Polemik ini bukan hal baru. Persoalan antara masyarakat dan PT ASL pernah mencuat hingga ke Rapat Dengar Pendapat Umum (RDPU) di DPRD Barito Timur pada 31 Mei 2021 lalu. Kini, RDPU kembali digelar dengan melibatkan masyarakat dari tiga desa terdampak.
Ketua DPRD Bartim, Nursulistio, menegaskan pihaknya akan mengambil langkah penyelesaian konkret, salah satunya dengan meminta Kementerian Lingkungan Hidup dan Kehutanan (KLHK) untuk meninjau ulang dan membebaskan lahan masyarakat yang berada dalam kawasan hutan produksi yang saat ini dikelola PT ASL.

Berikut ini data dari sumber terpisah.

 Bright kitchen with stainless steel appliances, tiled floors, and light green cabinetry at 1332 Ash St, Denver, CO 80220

“Tadi kita kembali melaksanakan RDPU sebagai tindak lanjut dari dinamika yang terjadi terhadap aktivitas PT ASL. Ada perbedaan prinsip operasional — PT ASL bergerak di bidang pelestarian kawasan hutan, sementara masyarakat Pulau Patai, Taniran dan sekitarnya telah lama bertani dan bermukim di wilayah itu,” ujar Nursulistio usai rapat, Senin (20/10/2025).

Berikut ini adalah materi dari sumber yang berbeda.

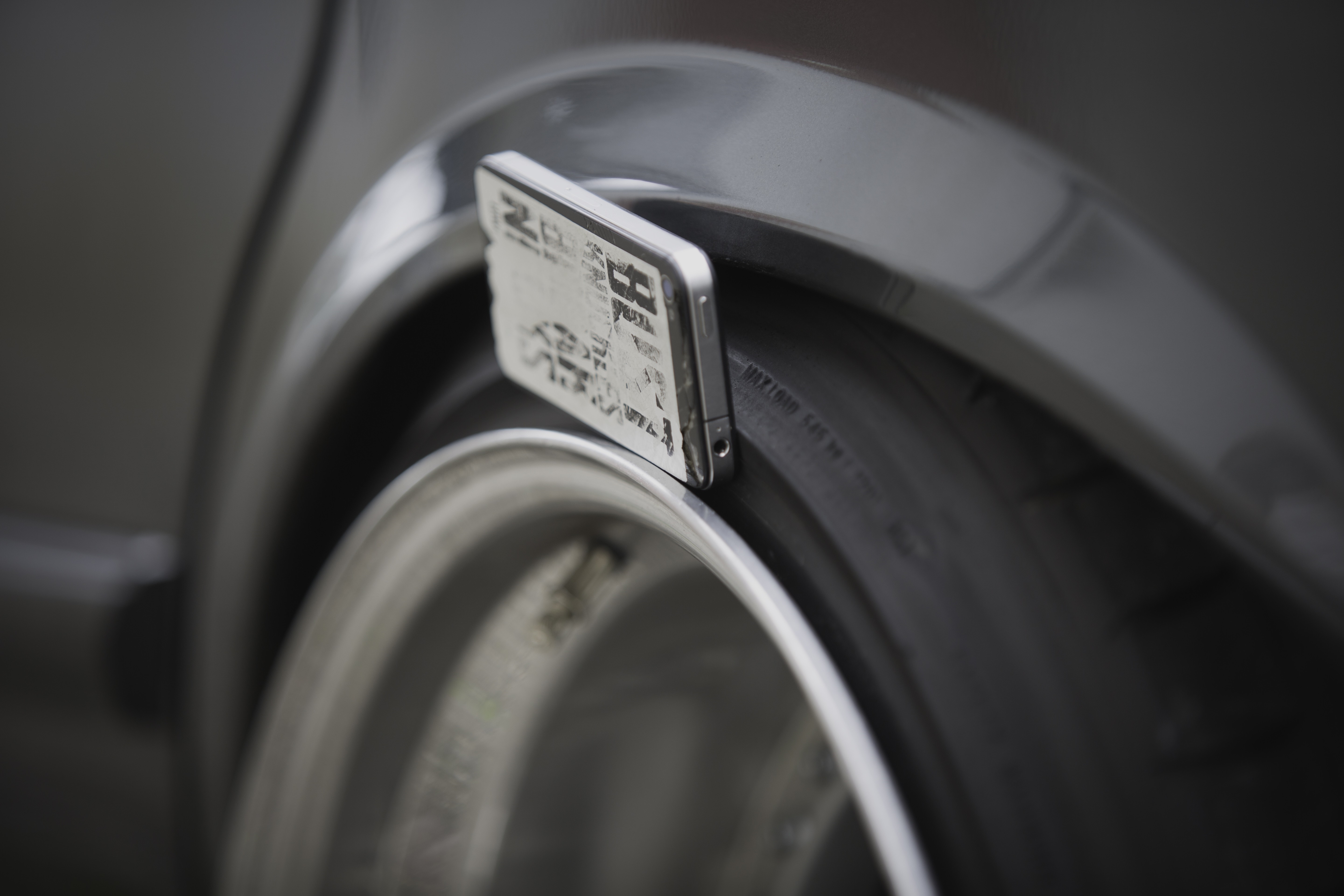 Close-up of a car tire and rim with a sticker HD Wallpaper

Menurutnya, kawasan yang dikelola PT ASL berdasarkan SK Kementerian LHK ternyata juga mencakup wilayah yang selama ini menjadi lahan garapan masyarakat. Kondisi ini membuat penyelesaian persoalan tidak bisa dilakukan secara sepihak.
“Kita harus mencari solusi terbaik. PT ASL punya tanggung jawab atas izin pelestarian yang diberikan, tapi masyarakat juga jangan sampai terdampak secara ekonomi,” tegasnya.

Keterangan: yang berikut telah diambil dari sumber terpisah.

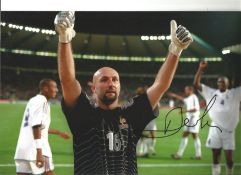 Fabien Barthez France Signed 12 x 8 inch football photo. Good Condition. All signed pieces come with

Nursulistio menjelaskan, dalam pengelolaan kawasan hutan produksi terdapat dua kategori, yakni hutan produksi tetap yang tidak dapat diubah fungsinya, serta hutan produksi yang dapat dikonversi menjadi lahan pertanian atau permukiman.
“Kesimpulan rapat tadi, kita akan inventarisir masyarakat yang memiliki hak atas tanah di kawasan tersebut. Hasilnya akan disampaikan melalui kepala daerah kepada KLHK agar dilakukan peninjauan kembali, sehingga lahan masyarakat dapat dikeluarkan dari kawasan hutan produksi,” jelasnya.
Ia juga meminta pemerintah desa memfasilitasi penerbitan surat keterangan tanah bagi warga yang belum memiliki legalitas atas lahan yang telah lama mereka kelola.
“Ada masyarakat yang belum memiliki surat. Kami minta kepala desa membantu agar mereka mendapat keterangan resmi. Harapannya ada kebijakan dari Kementerian untuk mengakomodasi dan mengeluarkan lahan masyarakat dari kawasan hutan produksi,” tambahnya.
Sementara itu, Operasional Manajer PT ASL, Agus Erwanto, menegaskan aktivitas perusahaan berjalan sesuai arahan dan izin dari KLHK.
“Kami fokus pada pelestarian lingkungan hidup. Kalau pun ada penolakan, kami ikuti mekanisme yang berlaku. Prinsipnya, kami menjalankan tugas sesuai aturan,” kata Agus.
Agus juga menyatakan bahwa PT ASL terbuka untuk bersinergi dengan masyarakat sekitar dalam bentuk kemitraan.
“Kawasan hutan tidak boleh dibebaskan. Tapi kita bisa bekerja sama, misalnya memberikan bibit tanaman produktif seperti cabai atau nanas untuk ditanam berdampingan dengan kebun karet. Harapan kami, kemitraan ini dapat menguntungkan kedua belah pihak,” pungkasnya.
Dengan mencuatnya kembali persoalan ini, DPRD Bartim berharap pemerintah pusat dapat segera turun tangan agar konflik antara masyarakat dan perusahaan tidak terus berlarut-larut serta tidak mengganggu kehidupan sosial-ekonomi warga.